There are few things that I love to read more than fairy tale retellings. I took a whole seminar on fantasy in children’s literature during university, and the first thing we looked at was fairy tales. These types of stories have a universality to them that I think explains their popularity across cultures and throughout the ages. Some of the stories here hew closer to the originals, and some I really struggled to figure out what the original tale was. (The authors’ notes at the end of the stories were wonderful!)
There were several Westerns, several set in other countries, several in space, and of course some in that took place in that typical “magical realism” fairy tale setting. I want to pick out a few to talk about more specifically.
The two stories that I found the funniest were by “Even the Crumbs were Delicious” by Daryl Gregory (a Hansel and Gretel tale involving a druggie and his lickable wallpaper with drugs) and “The Super Ultra Duchess of Fedora Forest” by Charlie Jane Anders (an obscure Grimm Brothers tale turned into “a kind of Adventure Time fanfic”).
The most depressing stories actually came towards the front of the book: “Underground” by Karin Tidbeck and “Familiaris” by Genevieve Valentine. Both of these had a lot to say about the state of women in fairy tales, and it’s pretty bleak. They paint some interesting parallels to the state of women in modern life: no agency, trapped in their roles, expected to bear children they may not even want. I appreciated that they made this think about that but whoa, they were downers.
My favorites turned out to be ones that didn’t deviate too much from fairy tale territory, but still managed to breathe new life into the original tale. “Seasons of Glass and Iron” (Amal El-Mohtar) is actually a mash-up to two tales, brilliantly done, that ends with the heroines saving each other by pointing out the truth of each other’s stories. “The Briar and the Rose” (Marjorie Liu) likewise has two great female protagonists that help each other. And anchoring the book is “Spinning Silver” by Naomi Novik, a nice take on “Rumpelstiltskin”; if you only read one story from the book, I’d recommend this one…then go read her original fairy tale, Uprooted.

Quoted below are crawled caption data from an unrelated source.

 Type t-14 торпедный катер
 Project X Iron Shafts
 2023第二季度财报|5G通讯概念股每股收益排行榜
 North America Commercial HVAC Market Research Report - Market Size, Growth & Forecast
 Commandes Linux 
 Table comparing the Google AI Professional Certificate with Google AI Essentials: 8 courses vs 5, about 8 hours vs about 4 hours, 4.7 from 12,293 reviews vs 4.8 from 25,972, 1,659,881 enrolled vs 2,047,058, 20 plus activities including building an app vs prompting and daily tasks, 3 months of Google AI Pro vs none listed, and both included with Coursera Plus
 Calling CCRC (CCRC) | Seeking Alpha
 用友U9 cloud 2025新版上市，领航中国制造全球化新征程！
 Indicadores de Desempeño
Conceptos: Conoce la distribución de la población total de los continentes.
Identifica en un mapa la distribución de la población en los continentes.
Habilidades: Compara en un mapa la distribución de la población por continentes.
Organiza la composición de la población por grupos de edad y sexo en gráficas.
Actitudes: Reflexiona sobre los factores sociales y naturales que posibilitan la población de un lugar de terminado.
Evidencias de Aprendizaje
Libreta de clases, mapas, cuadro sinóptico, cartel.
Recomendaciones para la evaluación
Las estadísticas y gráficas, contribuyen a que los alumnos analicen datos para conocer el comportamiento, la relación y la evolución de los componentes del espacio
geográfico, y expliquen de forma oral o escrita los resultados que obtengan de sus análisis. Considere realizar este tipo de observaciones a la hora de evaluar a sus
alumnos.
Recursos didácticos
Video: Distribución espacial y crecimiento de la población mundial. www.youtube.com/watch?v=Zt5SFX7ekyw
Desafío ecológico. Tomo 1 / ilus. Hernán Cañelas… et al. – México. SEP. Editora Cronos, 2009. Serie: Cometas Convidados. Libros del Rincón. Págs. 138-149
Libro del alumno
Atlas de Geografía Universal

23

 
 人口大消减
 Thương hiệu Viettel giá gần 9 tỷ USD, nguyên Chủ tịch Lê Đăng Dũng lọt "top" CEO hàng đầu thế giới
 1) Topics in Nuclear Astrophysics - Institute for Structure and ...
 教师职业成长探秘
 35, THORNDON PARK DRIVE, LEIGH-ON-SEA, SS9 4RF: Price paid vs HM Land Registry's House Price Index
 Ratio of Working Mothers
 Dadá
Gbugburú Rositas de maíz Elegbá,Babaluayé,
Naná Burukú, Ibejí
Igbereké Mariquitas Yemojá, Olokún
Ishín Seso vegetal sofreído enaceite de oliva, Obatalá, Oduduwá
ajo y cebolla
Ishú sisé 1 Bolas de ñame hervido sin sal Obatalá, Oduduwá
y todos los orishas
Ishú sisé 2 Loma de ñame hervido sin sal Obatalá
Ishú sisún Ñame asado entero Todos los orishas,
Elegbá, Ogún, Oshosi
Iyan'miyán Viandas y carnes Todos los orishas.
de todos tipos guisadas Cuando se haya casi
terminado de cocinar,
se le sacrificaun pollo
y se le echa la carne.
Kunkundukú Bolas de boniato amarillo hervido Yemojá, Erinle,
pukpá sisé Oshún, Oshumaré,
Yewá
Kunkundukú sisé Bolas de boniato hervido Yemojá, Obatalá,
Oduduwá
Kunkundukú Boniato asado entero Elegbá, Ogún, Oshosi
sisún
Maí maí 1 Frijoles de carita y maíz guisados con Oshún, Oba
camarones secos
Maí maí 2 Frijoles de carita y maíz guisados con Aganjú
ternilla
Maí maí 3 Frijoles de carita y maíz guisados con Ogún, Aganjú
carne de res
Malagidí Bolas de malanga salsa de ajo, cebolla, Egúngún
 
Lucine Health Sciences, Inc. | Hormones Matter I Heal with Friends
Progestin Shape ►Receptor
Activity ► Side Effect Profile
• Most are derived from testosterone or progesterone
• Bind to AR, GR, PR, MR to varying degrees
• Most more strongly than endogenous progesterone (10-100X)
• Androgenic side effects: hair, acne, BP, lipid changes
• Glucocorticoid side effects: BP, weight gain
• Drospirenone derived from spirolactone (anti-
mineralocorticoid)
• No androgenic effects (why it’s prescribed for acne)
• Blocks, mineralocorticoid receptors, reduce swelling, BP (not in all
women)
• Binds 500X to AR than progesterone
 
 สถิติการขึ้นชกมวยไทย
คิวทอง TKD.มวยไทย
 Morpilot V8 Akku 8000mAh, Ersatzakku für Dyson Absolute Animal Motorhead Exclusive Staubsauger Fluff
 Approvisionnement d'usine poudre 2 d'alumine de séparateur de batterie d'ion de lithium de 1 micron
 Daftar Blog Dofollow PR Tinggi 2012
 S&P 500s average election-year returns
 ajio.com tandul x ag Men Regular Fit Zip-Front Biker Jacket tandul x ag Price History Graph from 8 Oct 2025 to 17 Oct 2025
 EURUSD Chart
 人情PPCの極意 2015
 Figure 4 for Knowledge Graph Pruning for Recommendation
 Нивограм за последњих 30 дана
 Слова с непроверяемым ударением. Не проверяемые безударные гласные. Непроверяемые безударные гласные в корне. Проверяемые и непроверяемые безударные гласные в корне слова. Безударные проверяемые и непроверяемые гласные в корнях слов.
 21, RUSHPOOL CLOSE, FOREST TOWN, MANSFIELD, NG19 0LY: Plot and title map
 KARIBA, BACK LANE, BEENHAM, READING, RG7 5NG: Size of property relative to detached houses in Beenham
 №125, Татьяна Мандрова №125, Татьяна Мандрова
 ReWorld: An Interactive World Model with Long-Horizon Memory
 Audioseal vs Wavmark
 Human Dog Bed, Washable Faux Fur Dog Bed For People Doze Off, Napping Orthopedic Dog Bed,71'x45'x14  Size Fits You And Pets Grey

There were several other good ones as well (shout out to “Penny for a Match, Mister?” by Garth Nix–one of the Westerns–and “The Other Thea” by Theodora Goss). If you like fairy tale retellings, I think you will enjoy this collection also. One nice thing about collections like this is that you can sample some new authors in addition to ones you’ve already read and loved. I definitely want to check out more works by several of these authors.